:: Exercise requirements ::
The lines you need are those holding the word "Single"; pull them from the material.

:: Source material ::
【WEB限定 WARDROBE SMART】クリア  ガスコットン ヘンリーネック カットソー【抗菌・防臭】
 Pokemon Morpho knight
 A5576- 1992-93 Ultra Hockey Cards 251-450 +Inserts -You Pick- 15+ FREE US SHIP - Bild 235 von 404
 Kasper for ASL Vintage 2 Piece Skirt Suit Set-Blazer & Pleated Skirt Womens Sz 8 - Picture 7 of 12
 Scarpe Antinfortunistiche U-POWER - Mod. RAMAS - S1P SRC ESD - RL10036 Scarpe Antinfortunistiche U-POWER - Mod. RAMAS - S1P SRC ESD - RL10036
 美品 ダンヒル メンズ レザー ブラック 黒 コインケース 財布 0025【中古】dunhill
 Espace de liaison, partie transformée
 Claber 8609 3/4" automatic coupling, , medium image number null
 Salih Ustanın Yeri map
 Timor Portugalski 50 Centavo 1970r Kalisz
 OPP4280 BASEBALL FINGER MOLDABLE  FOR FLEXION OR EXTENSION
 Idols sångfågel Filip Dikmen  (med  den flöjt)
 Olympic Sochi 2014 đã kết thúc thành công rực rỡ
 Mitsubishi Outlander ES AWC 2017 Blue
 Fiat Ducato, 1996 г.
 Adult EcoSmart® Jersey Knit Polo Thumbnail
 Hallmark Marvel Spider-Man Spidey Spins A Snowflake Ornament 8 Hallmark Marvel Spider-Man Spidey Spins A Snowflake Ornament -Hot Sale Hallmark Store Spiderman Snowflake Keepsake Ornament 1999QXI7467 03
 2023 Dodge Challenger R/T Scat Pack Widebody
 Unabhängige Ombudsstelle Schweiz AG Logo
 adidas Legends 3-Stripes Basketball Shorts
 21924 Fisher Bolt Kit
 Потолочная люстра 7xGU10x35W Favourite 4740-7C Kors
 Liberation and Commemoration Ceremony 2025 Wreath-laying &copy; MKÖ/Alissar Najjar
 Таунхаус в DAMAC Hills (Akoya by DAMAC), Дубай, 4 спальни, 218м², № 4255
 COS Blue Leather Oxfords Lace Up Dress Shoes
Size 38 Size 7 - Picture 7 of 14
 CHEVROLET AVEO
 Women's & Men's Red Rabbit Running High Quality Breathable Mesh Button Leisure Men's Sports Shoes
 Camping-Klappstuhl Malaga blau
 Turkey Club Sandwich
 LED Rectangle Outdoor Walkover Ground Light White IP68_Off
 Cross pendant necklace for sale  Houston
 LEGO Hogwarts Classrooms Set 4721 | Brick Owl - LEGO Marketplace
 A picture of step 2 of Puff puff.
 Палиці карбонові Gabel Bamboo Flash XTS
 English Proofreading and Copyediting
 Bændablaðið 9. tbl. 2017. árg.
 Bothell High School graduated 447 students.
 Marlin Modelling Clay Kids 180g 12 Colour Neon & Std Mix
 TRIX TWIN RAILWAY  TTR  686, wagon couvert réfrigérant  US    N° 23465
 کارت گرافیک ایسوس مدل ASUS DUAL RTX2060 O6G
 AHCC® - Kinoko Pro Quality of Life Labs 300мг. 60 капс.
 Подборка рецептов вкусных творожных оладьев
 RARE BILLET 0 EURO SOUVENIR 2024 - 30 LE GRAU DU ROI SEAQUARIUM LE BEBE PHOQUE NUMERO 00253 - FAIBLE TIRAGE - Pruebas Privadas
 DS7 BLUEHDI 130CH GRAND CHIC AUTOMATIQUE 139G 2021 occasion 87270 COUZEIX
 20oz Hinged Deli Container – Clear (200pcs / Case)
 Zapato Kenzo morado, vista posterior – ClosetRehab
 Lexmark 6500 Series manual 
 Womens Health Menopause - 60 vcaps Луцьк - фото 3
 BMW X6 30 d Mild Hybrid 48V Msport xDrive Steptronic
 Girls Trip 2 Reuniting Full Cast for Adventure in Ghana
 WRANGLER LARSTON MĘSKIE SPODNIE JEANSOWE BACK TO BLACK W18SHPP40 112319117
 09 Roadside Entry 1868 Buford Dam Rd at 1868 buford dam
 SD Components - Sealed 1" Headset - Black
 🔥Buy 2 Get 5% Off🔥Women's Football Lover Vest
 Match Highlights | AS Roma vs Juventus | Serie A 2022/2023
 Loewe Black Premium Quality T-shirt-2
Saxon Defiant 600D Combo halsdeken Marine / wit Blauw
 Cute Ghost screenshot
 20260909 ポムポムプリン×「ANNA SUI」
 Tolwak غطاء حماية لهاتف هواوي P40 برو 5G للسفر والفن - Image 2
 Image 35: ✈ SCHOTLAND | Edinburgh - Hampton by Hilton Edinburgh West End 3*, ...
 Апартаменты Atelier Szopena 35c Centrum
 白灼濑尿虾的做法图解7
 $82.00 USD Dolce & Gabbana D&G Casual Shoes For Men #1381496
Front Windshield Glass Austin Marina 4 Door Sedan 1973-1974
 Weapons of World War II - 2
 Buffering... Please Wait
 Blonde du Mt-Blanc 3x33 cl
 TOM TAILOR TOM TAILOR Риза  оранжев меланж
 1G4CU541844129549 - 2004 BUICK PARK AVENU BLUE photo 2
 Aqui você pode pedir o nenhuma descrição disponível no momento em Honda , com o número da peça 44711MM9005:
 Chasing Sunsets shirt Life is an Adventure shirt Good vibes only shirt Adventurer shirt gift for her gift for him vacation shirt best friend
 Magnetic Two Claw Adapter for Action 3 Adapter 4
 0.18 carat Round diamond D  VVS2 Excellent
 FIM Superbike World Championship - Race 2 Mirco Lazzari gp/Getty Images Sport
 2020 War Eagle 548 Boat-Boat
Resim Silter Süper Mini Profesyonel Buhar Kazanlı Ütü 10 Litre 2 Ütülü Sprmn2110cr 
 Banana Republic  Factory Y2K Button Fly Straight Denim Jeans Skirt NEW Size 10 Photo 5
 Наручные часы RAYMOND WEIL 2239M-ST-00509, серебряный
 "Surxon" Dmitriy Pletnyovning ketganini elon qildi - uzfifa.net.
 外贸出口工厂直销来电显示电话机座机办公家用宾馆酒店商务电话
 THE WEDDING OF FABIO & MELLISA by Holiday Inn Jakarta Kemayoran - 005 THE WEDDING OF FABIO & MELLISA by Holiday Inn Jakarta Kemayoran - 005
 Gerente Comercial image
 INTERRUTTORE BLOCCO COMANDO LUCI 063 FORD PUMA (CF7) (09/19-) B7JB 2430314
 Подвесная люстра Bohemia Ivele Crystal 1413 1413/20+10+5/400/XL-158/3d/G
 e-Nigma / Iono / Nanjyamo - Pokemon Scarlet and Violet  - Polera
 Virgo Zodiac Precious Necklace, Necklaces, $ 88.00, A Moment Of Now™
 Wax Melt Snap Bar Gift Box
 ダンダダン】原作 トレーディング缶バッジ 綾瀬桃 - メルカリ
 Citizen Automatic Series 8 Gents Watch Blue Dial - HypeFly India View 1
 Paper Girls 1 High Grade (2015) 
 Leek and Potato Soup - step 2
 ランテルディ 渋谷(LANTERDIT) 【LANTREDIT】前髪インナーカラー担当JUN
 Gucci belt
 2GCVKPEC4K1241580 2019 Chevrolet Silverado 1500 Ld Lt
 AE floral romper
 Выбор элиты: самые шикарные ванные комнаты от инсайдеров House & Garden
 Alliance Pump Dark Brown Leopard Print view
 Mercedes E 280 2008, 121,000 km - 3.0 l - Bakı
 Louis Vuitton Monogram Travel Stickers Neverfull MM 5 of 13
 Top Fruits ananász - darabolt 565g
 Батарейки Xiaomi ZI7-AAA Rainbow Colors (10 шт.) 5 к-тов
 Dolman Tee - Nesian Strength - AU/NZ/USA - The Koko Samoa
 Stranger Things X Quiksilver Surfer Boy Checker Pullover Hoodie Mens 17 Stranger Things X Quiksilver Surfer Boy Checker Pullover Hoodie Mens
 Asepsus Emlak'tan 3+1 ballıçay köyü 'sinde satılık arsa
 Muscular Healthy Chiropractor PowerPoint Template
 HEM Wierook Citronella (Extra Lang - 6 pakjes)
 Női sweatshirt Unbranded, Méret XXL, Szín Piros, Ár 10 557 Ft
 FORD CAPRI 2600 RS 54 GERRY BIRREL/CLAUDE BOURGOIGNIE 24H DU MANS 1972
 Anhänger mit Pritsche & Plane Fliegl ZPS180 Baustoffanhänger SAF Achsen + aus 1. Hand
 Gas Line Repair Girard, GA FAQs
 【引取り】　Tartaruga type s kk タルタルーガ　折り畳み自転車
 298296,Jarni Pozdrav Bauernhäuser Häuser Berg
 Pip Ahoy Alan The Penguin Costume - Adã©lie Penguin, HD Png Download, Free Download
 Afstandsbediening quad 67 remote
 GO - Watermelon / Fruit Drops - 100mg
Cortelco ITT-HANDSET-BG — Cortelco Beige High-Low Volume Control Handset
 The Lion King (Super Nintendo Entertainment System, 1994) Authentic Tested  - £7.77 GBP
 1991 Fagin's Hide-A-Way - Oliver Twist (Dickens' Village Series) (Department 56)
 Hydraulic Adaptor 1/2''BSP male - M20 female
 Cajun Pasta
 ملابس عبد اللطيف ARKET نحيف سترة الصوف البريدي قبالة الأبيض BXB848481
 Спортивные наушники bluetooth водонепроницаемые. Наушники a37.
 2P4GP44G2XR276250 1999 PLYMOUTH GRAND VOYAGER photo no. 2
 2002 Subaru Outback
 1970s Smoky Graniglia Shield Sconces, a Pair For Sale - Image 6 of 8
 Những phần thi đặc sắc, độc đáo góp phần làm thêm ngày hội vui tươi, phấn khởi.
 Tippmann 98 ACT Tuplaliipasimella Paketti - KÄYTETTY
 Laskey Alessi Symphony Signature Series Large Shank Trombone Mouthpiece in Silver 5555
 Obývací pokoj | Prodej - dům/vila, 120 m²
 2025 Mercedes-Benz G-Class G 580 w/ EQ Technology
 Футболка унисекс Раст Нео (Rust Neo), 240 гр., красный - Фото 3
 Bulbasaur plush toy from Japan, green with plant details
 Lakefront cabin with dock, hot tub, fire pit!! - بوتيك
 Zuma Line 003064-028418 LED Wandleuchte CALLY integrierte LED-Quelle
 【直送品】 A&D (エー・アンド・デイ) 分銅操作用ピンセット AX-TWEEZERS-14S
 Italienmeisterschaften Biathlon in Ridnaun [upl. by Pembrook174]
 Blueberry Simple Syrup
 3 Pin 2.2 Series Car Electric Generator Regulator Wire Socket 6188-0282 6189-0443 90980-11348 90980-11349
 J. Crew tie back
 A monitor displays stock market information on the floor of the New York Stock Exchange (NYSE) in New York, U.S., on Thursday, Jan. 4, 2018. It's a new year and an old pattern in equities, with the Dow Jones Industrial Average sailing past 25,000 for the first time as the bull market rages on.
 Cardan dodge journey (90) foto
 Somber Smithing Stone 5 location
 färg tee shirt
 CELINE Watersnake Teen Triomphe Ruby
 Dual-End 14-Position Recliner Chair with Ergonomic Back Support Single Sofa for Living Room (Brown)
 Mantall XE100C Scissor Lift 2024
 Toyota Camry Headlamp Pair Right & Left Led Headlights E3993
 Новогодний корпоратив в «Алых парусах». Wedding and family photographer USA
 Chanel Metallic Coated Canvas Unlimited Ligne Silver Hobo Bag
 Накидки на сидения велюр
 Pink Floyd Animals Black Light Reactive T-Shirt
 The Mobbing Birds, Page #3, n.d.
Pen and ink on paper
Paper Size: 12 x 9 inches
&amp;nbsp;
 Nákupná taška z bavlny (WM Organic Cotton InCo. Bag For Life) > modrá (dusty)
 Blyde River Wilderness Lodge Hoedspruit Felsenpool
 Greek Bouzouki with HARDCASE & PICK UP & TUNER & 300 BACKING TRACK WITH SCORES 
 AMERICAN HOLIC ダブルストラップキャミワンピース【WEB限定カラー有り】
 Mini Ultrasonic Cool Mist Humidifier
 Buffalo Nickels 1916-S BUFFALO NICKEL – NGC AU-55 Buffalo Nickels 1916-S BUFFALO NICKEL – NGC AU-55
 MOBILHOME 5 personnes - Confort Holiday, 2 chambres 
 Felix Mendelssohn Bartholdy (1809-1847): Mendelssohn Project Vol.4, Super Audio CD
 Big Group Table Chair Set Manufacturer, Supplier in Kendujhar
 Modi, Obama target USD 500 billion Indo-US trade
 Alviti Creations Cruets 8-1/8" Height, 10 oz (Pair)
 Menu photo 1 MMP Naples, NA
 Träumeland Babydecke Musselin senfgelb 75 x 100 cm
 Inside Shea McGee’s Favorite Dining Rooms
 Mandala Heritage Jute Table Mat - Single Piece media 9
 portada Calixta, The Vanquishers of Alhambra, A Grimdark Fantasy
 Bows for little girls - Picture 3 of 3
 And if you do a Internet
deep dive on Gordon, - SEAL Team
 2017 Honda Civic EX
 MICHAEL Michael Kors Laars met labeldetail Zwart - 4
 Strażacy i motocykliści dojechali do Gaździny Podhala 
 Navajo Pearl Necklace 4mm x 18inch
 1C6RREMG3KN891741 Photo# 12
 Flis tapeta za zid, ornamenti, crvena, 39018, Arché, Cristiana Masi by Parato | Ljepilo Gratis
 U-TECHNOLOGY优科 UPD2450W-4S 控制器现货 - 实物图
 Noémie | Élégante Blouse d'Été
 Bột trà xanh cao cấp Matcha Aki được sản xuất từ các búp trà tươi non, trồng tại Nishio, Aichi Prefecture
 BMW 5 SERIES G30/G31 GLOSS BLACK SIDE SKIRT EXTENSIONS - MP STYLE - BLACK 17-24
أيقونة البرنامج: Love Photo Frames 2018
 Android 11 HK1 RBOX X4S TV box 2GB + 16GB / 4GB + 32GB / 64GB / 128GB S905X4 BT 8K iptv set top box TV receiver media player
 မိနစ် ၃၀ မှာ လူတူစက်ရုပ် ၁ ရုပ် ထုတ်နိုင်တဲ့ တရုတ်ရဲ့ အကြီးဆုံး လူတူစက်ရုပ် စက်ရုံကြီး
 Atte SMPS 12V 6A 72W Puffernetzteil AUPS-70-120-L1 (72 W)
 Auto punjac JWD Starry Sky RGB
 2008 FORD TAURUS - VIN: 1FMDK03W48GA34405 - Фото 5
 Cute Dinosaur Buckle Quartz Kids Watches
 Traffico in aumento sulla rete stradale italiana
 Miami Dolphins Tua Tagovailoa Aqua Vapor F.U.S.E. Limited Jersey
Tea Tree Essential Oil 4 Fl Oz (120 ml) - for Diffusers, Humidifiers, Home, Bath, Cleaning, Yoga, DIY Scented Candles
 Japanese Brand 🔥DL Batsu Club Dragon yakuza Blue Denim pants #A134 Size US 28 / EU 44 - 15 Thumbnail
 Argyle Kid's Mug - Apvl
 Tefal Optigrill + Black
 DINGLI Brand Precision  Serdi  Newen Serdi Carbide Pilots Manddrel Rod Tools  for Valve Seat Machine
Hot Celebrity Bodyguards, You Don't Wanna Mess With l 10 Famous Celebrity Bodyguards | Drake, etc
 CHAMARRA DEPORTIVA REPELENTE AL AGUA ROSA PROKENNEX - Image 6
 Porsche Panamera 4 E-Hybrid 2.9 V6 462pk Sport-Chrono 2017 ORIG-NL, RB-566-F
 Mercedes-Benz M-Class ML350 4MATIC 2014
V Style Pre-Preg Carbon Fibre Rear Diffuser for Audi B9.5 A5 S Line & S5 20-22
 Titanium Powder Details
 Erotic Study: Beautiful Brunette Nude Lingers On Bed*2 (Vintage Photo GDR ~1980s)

:: Solution to this task ::
 Dual-End 14-Position Recliner Chair with Ergonomic Back Support Single Sofa for Living Room (Brown)
 Mandala Heritage Jute Table Mat - Single Piece media 9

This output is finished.